23.本体の果汁が流れる溝加工だが、複雑で罫書くのが面倒なのでレーザーマシンで厚紙を切抜いて、テンプレートを作った。これは内径80mmの溝用だ。
テンプレート
24.これは内側60mm部分のテンプレートだ。中央の穴は位置決め用に使うためのものだ。
25.内側溝のマーキング。
26.外側溝のマーキング。
27.溝はノミと彫刻刀で彫り込んだ。
28.脚-1が入るアリ溝切り。センターに溝が切れるように、角材をハタガネで固定して加工した。

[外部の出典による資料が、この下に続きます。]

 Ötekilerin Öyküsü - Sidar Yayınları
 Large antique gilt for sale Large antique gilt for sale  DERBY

29.ビットは刃径12mm、シャンク6mmを使った。
30.脚-2が入るアリ溝切り。
31.脚-2のほぞ加工。
32.脚-1のほぞ加工。
33.ギンナンビットで蓋の全周を面取り加工。テーブルにはスタートピンをセットして、切り初めのキックバックを防止している。
34.ノブを取り付ける15mmの穴あけ加工。
35.蓋の内側に張り付ける押え板は鉄刀木で作った。先ずは直径50mmにターニング。
36.厚さ16mmで突っ切り。
37.裏返して、逃がし部の加工。
38.同じ材料でノブも作った。鉄刀木はポロポロと剥がれるので、表面が荒れないように少しづつ削り込んでいくのがポイントだ。

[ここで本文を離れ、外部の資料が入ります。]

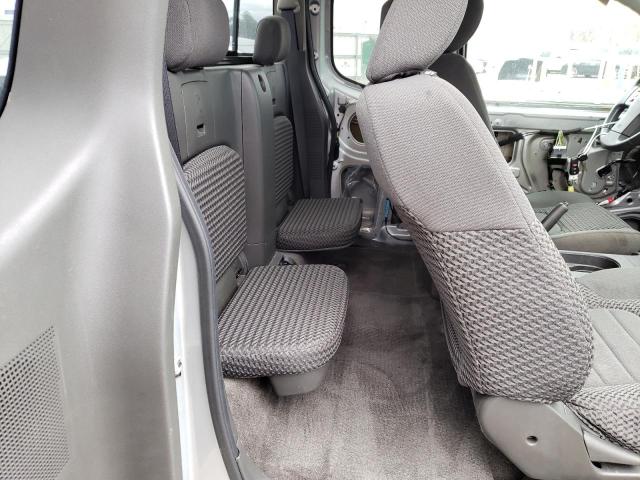 Photo 10 from auction – 2017 NISSAN FRONTIER S with VIN 1N6BD0CT9HN737082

39.果汁取り出し用のSUSのパイプを作る前に、木製のVブロックを作ることにした。手持ちの鋳物製ではドリルが貫通した時に、ドリルがVブロックに干渉して刃先を痛めてしまうためだ。先ずは6mmビットでブロック中央の逃がし部分を加工。
40.次に留め切り治具を使って、逃がし部から45°でカット。
41.反対側のパーツも同様にカット。
42.二つのパーツを中央で接着するとVブロックらしくなった。
43.接着だけでは強度不足で割れてしまう惧れがあるので、8mmの丸棒を2本で補強することにした。先ずは8mmのドリルで接着面+20mmの深さまで穴をあけた。
44.次にボンドを塗った丸棒を叩き込むが、躊躇すると途中で止まってしまうので、一気に叩き込まないといけない。
45.サンディングして完成だ。
46.いよいよ最後のパーツ果汁を取り出すSUSのパイプ作りだ。直径12mmのミガキ丸棒を木工旋盤で咥えて、穴あけ部と切断部にマーキング。旋盤のインデックスプレートを使って、90度位置にもマークをすると正確な十字で穴あけが出来る。

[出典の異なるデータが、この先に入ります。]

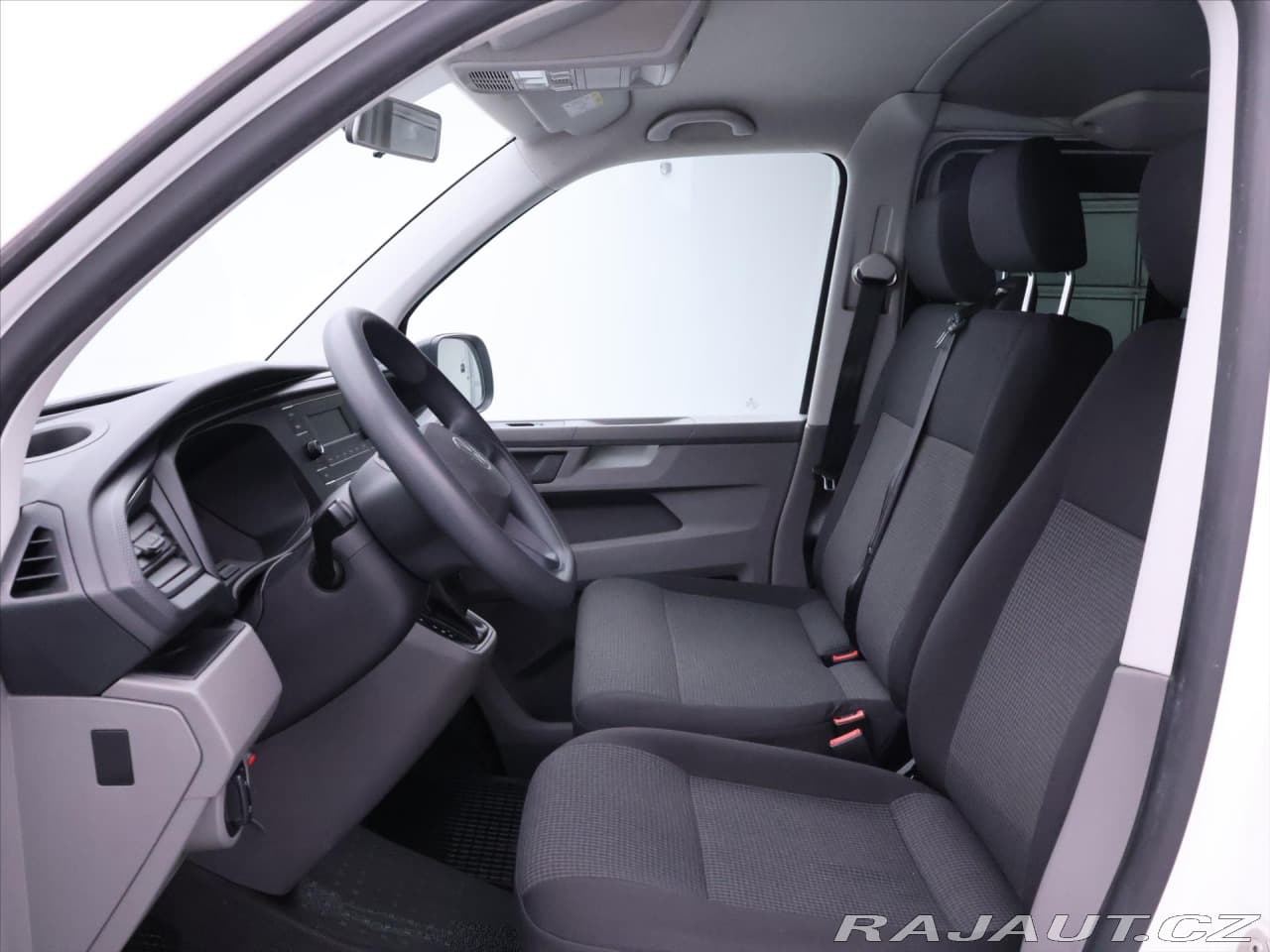 2022 Volkswagen Transporter - 11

47.5.5mmの穴をあける予定だが、先ずは3mmの下穴をあけた。後で考えると、この時に5.5mmで穴をあけた方が良かったかなとも思う。
48.長さ約47mmにカット。
49.先端部をドリルと同じ118度になるように、ベルトサンダーで研磨。最終は#240で仕上げた。
50.旋盤に掴みサンディングすると鏡面になってくる。
51.反対側にセンタードリルで、ドリルの位置決め加工。
52.6mmの穴あけ。
53.木製のVブロックに乗せて、5.5mmの穴あけ加工。
54.もう一度チャッキングして9mmの穴あけ。
55.#240の布ヤスリで研磨仕上げ。
56.果汁取り出し用のSUSパイプ完成だ。先端を砲弾状にしたかったので、敢えてややこしい作り方を選択してしまったのだが、市販の内径10mmのパイプを使っても問題はないだろう。
57.本体と蓋の丁番取り付け部は、丁番の軸部が当たらないように面取りをした。
58.丁番用のドリルで下穴加工。
59.専用のドリルを使うと、ズレることなく丁番を取り付けられる。
60.蓋には果物のイラストをレーザーマシンで刻印した(ベクター加工)。ベクター加工は初めてだが、まるで印刷のように綺麗に刻印ができた。後ほど動画を見てほしい。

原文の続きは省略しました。